*Problem requirements:*
Everything from the line with "Azazie Tessie Brautjungfernkleider" to the end of the data below, both lines included, should be transcribed exactly; please omit the pictures.

*Task material:*
----------------------------------------

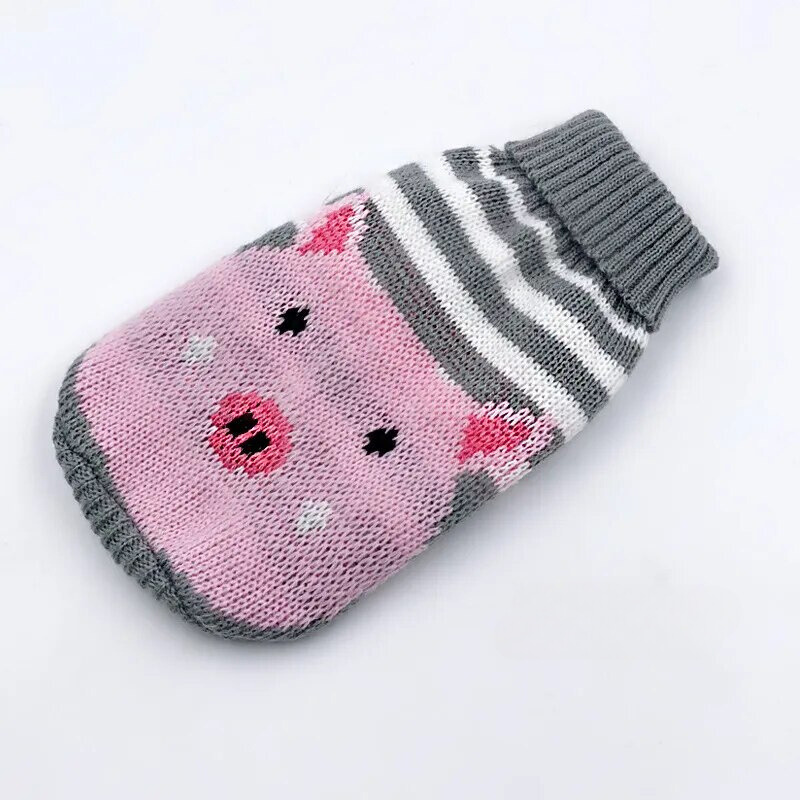 Animal Print Knit Turtleneck - pink pig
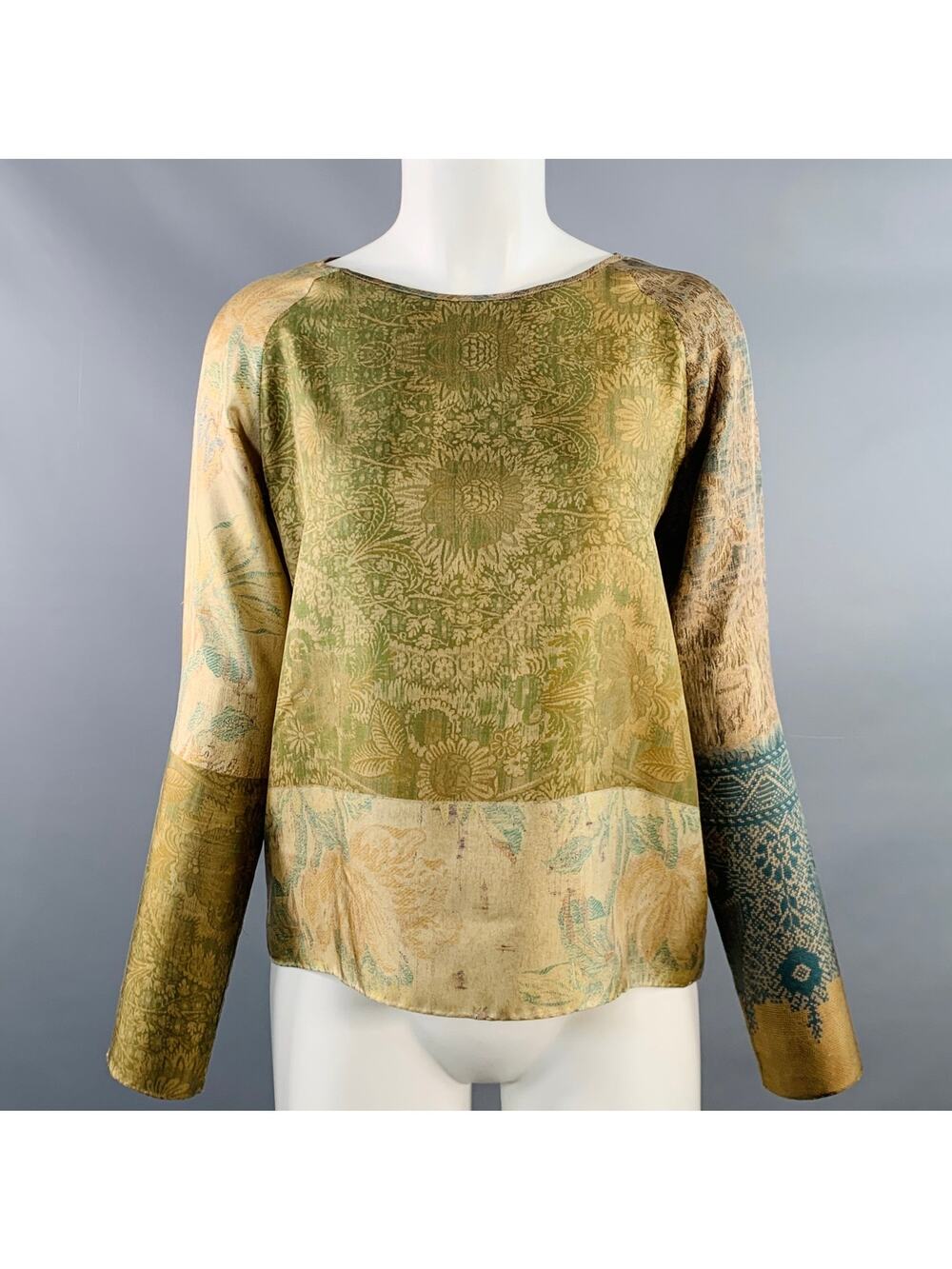 PIERRE-LOUIS MASCIA Size XS Green Brown Silk Floral Long Sleeve Dress Top
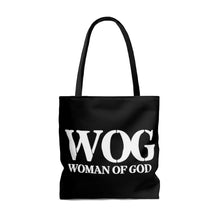 Load image into Gallery viewer, Woman Of God Black Tote Bag
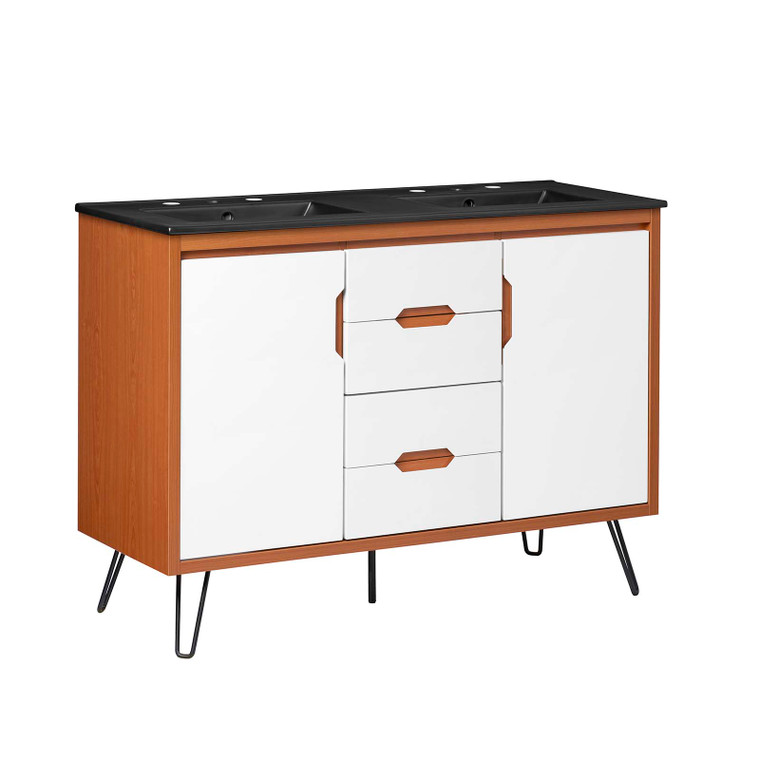 Energize 48" Double Sink Bathroom Vanity - Cherry White Black EEI-5809-CHE-WHI-BLK By Modway Furniture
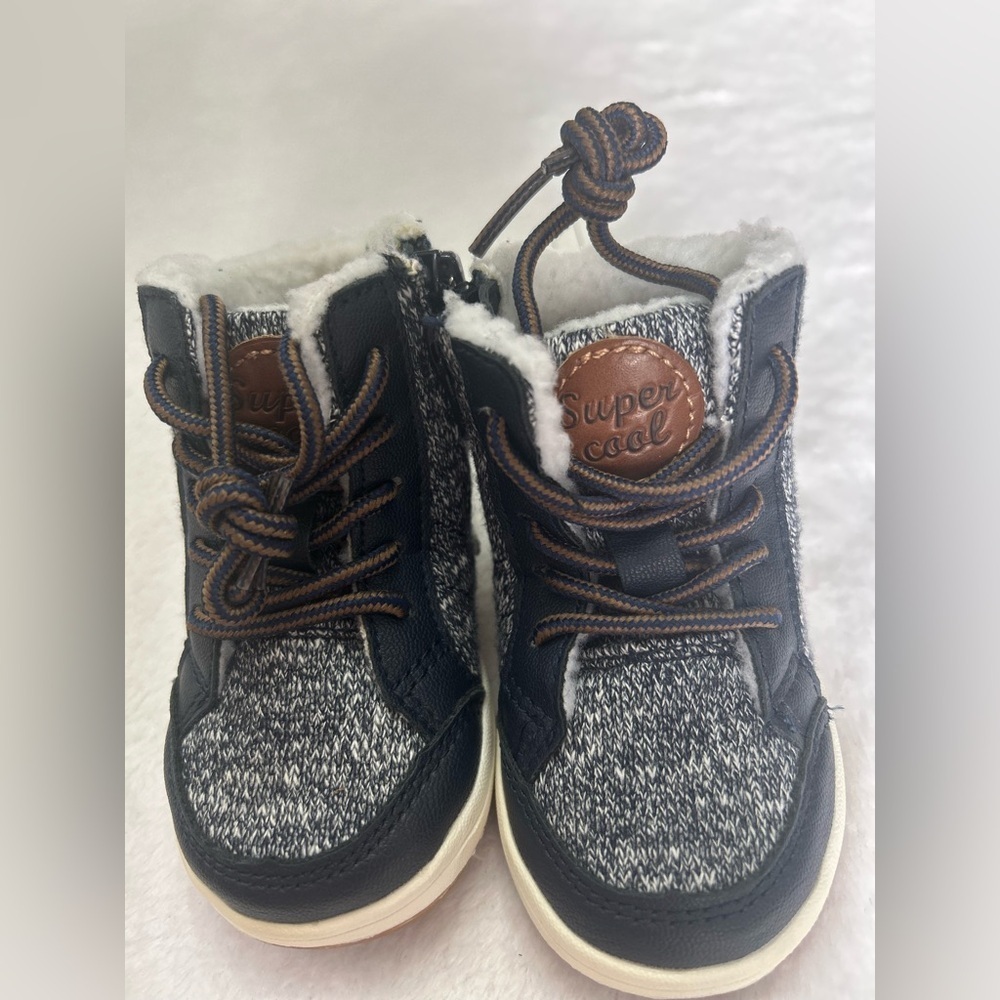 H&M Toddler Kids 2.5-3.5 Navy Blue/Brown Boots white faux fur inside side zipper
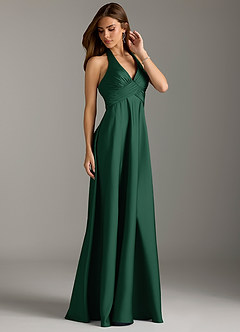 Azazie Tessie Brautjungfernkleider A-Linie Plissee Stretch-Satin Kleid Dunkelgrün image4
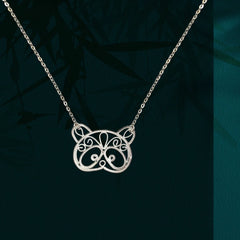 Handmade Guochao Panda Collarbone Chain Necklace Set - Sichuan's Chengdu Silver Silk Filigree Intangible Cultural Heritage Gift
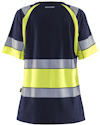 Kortärmad t-shirt i neongult och mörkblått med reflexband och texten "BLÅKLÄDER" på övre delen av ryggen.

----------------------------------------

*Output:*
 Azazie Tessie Brautjungfernkleider A-Linie Plissee Stretch-Satin Kleid Dunkelgrün image4
 Handmade Guochao Panda Collarbone Chain Necklace Set - Sichuan's Chengdu Silver Silk Filigree Intangible Cultural Heritage Gift
 Kortärmad t-shirt i neongult och mörkblått med reflexband och texten "BLÅKLÄDER" på övre delen av ryggen.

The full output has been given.